Got it. That makes sense. Maybe it’s not something to talk about at this point, but just wondering, is that an asset that you could see more capital going into or is the cap structure kind of sustainable as it is? Just kind of curious on, on that side.

Jamie Welch

I think if margins continue to if you see the net improvement that we’ve had there has been that improvement this year. Just let me be very clear. And I think where they started the year and where they’re finishing the year are in two very different places that should make it that should keep make sure that it can deal with its own capital profile. Obviously, there’s a, there’s a complete uncertainty of what happens 2024, 2025, they’ve got debt that comes due. There’s a lot of things and a lot of unknown and unknowable elements to the overall prospects for that that pipeline.
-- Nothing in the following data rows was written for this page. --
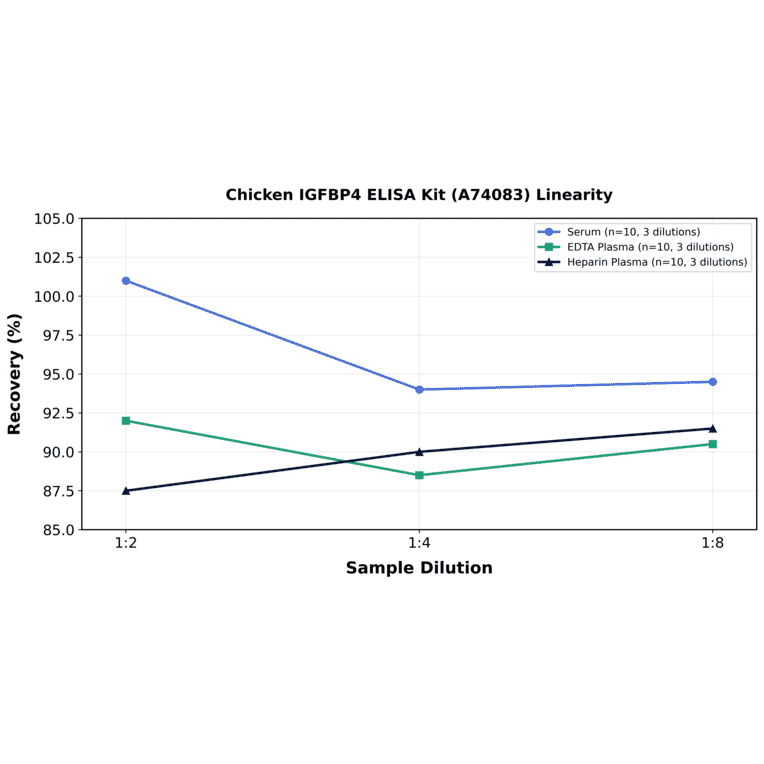 Linearity - Chicken IGFBP4 ELISA Kit (A74083) - Antibodies.com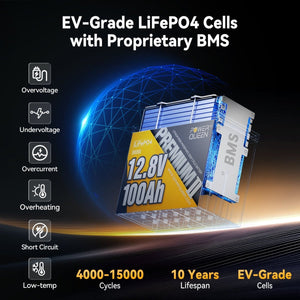 Power Queen 12V 100Ah Mini battery features advanced BMS and EV-grade LiFePO4 cells with protection from overvoltage, short circuit, and more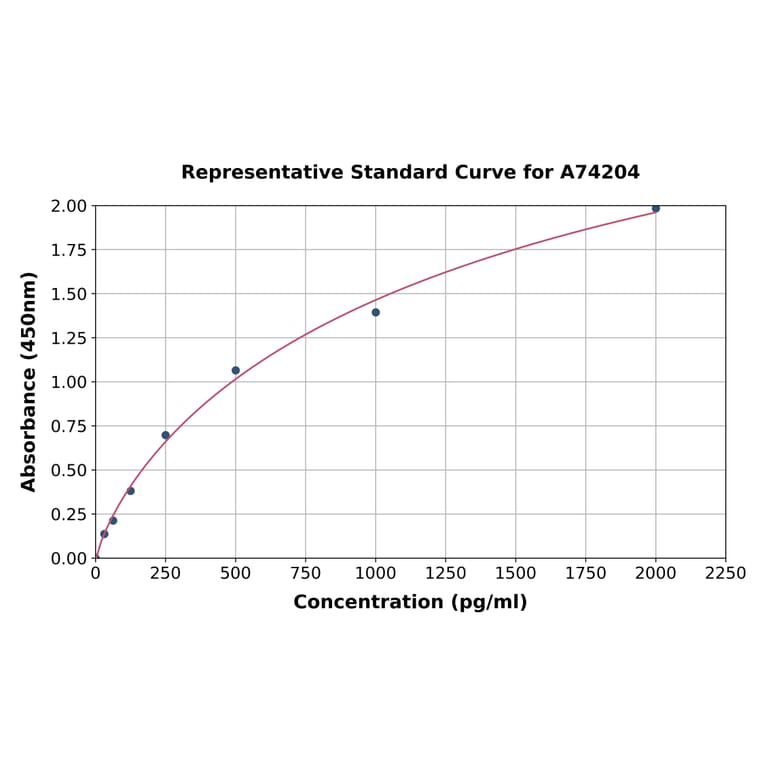 Standard Curve - Chicken Interferon gamma ELISA Kit (A74204) - Antibodies.com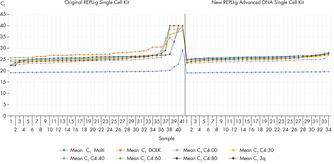 Reproducibility of REPLI-g Advanced DNA Single Cell Kit using single Jurkat cells.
So, we are just, as we have, we’ve written that investment down to zero and as Trevor have noted, we have no anticipation of, of any distributions coming, nor do we have any viewpoint that there will be any further capital committed.

Jeremy Tonet

Got it. That’s helpful there. And if I could ask just one last one, and it’s been touched on in the call a number of different ways, but it was just curious, as you look forward now in your area in the Permian, there’s a lot of tailwinds and headwinds, for production growth. But do you see up upside or downside to current, upstream budgets and production targets at this point? Just given the great resource versus potential takeaway issues next year?

Jamie Welch

I think you to continue to see modest growth. I, I don’t think suddenly 2023 is going to show up and everyone’s going to open up the, the safe and take all the money out and basically put it back in the drilling. I think the, we have seen a change of behavior. The nice thing is you can still get lots of growth. We get a lot more gas growth, the decline rates crude 70% year over year, it’s only 50% for gas. That’s what’s creating all of the gas and that is going up.

So we are seeing gas and gasier benches and formations obviously now starting to be actually overall exploited and with obviously a lot more of private folks back at it. I think you’re going to see the cycle of smaller folks grow acreage positions and then will fold into Publix and life cycle will start again.

And that’s what we’re seeing. So I think that’s a really, that’s a nice dimension to, to have as a backdrop for 23. And Jeremy, I’ll just add on that one thing is unless you see a supply response on the services side just given where costs are, it’s hard for us to see rig counts materially moving higher. I mean, they’ve been relatively flat for the last six months. And like I said, unless there’s a change to the supply demand dynamics with services in the basin, it’s hard to see us break out from that number from here.

Operator

There are no questions remaining in queue. [Operator instructions] This concludes today’s conference call. Thank you for joining today’s call. Please enjoy the rest of your day. Thank you.